▶ STORED DATA
============================================================

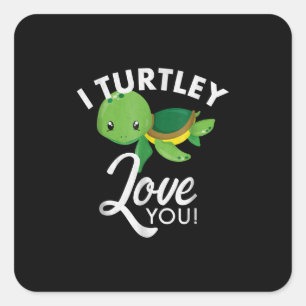 Cute Valentines Turtle I Turtley Love You Square Sticker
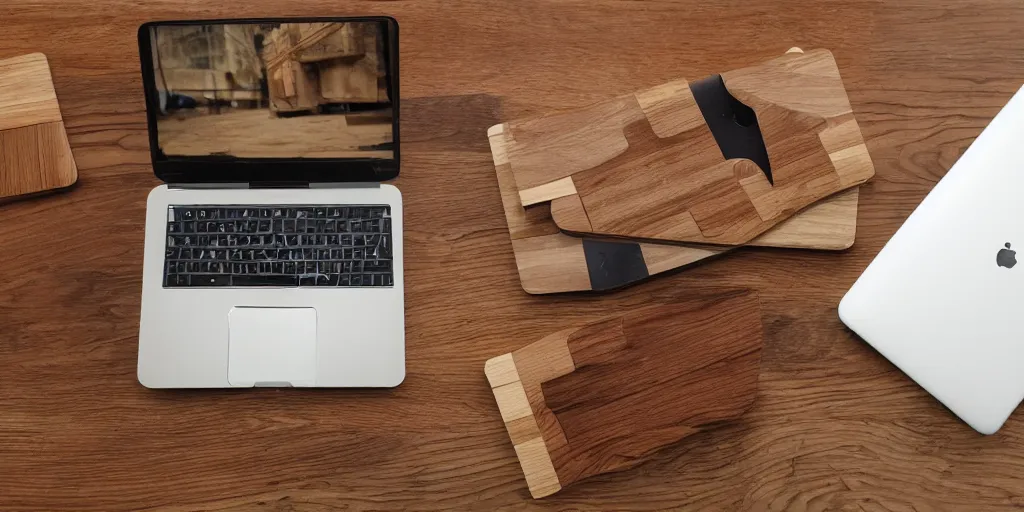 Image similar to a wood masterpiece laptops made in different kind of woods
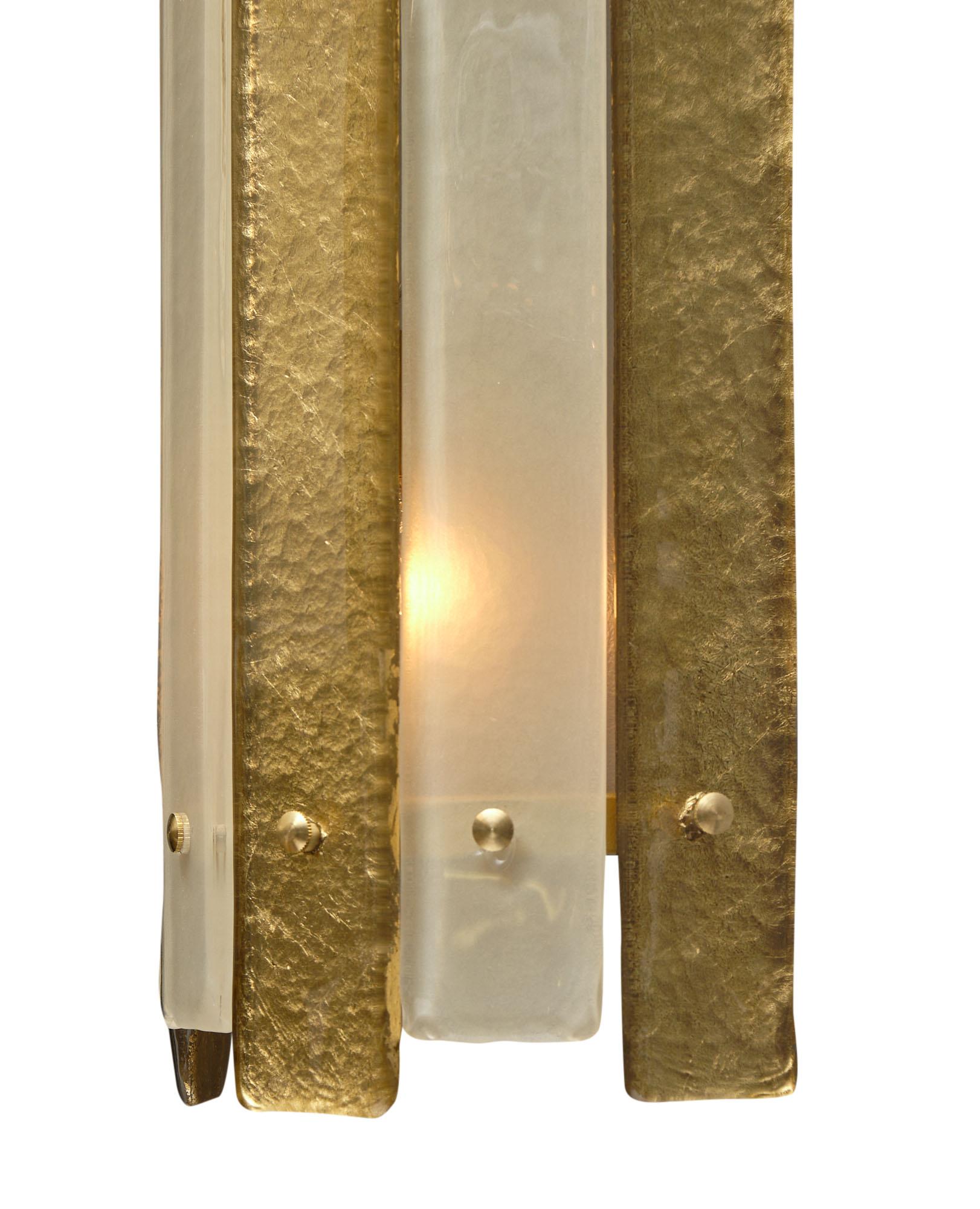Murano Glass Striped Gold Sconces In Good Condition For Sale In Austin, TX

============================================================

▶ WORK REQUIRED
Word-for-word output of the material above is needed, with the pictures left out.

▶ WRITTEN ANSWER
 Cute Valentines Turtle I Turtley Love You Square Sticker
 Image similar to a wood masterpiece laptops made in different kind of woods
Murano Glass Striped Gold Sconces In Good Condition For Sale In Austin, TX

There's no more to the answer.